Namen und Adressen: "Man konnte eins-zu-eins mitlesen."

Am Freitag hatte ein Polizeieinsatz für Aufregung bei den Freiwilligen Feuerwehren in Stadtmitte und Groß Klein gesorgt. Polizisten stürmten in die Wachen, durchsuchten die Räume und beschlagnahmten Rechentechnik. Der Verdacht: Ein Informant aus den Reihen der Freiwilligen liefere sensible Daten an Außenstehende, konkret an einen Journalisten.
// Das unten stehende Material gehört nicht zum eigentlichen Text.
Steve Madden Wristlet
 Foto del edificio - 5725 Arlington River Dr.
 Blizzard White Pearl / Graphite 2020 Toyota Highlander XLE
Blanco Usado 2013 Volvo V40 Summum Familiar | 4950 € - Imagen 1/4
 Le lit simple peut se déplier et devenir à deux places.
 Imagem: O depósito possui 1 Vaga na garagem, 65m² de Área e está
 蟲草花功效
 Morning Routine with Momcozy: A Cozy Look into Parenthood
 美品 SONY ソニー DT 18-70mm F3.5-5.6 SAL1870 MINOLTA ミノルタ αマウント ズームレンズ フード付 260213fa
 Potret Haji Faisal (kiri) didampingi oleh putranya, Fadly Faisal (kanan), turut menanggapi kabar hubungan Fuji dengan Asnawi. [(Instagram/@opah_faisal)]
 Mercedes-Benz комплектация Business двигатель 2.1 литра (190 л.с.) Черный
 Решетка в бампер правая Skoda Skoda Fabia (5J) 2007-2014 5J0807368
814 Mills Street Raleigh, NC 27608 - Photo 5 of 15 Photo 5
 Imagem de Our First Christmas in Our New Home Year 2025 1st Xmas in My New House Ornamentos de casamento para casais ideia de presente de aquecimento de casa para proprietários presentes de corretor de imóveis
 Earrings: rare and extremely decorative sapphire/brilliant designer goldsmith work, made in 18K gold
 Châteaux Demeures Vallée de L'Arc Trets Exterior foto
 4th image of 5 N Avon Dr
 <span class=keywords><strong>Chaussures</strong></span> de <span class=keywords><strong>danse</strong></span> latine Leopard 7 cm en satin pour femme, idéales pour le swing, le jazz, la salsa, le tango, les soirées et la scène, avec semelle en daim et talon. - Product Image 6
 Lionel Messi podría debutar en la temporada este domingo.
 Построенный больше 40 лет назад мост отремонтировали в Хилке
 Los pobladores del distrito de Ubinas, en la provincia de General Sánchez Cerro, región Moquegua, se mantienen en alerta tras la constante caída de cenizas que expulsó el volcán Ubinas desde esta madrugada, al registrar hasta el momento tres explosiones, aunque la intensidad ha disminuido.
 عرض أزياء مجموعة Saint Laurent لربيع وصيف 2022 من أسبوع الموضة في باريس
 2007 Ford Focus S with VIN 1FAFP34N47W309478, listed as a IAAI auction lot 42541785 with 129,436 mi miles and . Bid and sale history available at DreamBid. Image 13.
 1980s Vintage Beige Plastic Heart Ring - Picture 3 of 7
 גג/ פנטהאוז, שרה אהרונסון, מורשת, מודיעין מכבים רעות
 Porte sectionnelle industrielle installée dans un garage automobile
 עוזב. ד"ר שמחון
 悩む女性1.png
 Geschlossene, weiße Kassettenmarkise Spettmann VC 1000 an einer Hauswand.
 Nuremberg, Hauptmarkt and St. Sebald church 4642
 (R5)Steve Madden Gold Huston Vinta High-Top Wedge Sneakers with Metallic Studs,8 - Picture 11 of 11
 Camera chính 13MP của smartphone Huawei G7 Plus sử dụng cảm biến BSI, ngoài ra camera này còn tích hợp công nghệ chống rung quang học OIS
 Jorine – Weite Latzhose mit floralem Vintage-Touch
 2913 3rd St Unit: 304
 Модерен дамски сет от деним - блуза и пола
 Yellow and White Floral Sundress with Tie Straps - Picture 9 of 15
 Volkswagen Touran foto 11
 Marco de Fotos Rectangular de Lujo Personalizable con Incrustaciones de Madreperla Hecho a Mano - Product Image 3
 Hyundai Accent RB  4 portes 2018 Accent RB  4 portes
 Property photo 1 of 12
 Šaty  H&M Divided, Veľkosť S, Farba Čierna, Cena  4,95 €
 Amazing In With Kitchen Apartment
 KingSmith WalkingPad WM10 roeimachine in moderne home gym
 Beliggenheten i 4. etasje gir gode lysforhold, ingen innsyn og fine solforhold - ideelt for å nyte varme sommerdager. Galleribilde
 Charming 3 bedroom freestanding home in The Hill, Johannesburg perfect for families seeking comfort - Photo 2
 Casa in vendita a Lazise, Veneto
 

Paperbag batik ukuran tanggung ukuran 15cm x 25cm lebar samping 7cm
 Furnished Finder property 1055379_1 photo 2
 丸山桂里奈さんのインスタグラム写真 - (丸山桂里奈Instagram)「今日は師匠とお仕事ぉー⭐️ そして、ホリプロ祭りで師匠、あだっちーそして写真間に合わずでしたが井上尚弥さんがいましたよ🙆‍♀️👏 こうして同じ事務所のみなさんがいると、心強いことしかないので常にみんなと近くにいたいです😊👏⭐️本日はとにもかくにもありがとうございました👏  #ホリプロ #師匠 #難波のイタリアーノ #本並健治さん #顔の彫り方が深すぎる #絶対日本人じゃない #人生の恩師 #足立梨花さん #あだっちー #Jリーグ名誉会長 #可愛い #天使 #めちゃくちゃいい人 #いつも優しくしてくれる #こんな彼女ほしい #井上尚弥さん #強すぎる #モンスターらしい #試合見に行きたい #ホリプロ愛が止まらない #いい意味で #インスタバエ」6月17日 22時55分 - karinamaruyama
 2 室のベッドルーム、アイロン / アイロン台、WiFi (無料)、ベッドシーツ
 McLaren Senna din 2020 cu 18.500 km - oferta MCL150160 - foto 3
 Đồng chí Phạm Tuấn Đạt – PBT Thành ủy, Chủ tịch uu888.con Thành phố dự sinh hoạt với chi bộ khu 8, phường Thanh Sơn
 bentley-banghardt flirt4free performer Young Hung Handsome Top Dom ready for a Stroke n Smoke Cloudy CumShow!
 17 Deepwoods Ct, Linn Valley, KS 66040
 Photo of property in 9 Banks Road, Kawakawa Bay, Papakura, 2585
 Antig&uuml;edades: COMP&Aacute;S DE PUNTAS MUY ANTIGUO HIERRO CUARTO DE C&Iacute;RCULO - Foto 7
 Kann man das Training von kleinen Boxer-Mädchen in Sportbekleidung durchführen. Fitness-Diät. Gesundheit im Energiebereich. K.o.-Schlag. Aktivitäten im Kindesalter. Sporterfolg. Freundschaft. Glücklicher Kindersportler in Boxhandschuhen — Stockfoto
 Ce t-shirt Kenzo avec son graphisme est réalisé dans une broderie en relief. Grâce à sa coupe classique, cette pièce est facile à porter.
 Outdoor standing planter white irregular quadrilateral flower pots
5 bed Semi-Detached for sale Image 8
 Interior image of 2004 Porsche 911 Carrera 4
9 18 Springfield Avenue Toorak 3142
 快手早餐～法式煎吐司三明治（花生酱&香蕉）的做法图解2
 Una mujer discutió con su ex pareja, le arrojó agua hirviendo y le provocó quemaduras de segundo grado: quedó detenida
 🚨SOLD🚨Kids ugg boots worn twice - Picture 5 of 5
Normalerweise bekommen die Wachen nur solche Daten geliefert, die sie für ihre spezifischen Einsätze benötigen. So ist es dienstlich vorgesehen. Allerdings fanden Vertreter des Brandschutz- und Rettungsamtes bei einer Kontrolle am Donnerstag nicht zugelassene Rechner. Auf diesen wurden live alle elektronischen Aufträge der Rostocker Rettungsleitstelle angezeigt. Dies meldete das Amt der Polizei. Nachdem die Beamten die Computer vor Ort untersuchten und den Verdacht bestätigt sahen, stellten sie die Technik sicher.

Die fremde Software zeigte neben Datum, Uhrzeit, Ort und beauftragten Rettungskräften weitere sensible Daten an. So gab es Informationen über die Namen verletzter Personen, deren Adressen und Kurzbeschreibungen der per Notruf angegebenen Verletzungen oder Krankheitsbilder. "Man konnte eins-zu-eins mitlesen", sagt Holger Schütt, Sprecher der Rostocker Staatsanwaltschaft. Die elektronischen Aufträge und der Funkverkehr der Rettungsleitstelle zu den einzelnen Feuerwachen wurde abgefangen. Dieser ist digitalisiert, wurde aber mit Hilfe der fremden Technik sichtbar gemacht. Demnach eignet sich die gefundene Software für gezielten Datenmissbrauch. Ob sie dafür tatsächlich genutzt wurde und wer sie verwendet hat, ist bislang nicht geklärt.

Richter soll über weiteres Vorgehen entscheiden

Die Staatsanwaltschaft hat entschieden, dass eine weitere Untersuchung der beschlagnahmten Technik erst nach einer richterlichen Entscheidung erfolgen darf. Derweil dauern die polizeilichen Ermittlungen an.

Die Aktion hatte in den Reihen der Freiwilligen Feuerwehr einen Aufschrei der Empörung ausgelöst. Stadtwehrführer Steffen Grafe berichtete: "Die Kameraden sind in heller Aufregung und fühlen sich unter Generalverdacht gestellt." Einige überlegten sogar, ihren Dienst niederzulegen. "Wir sind uns keiner Schuld bewusst", betont Grafe.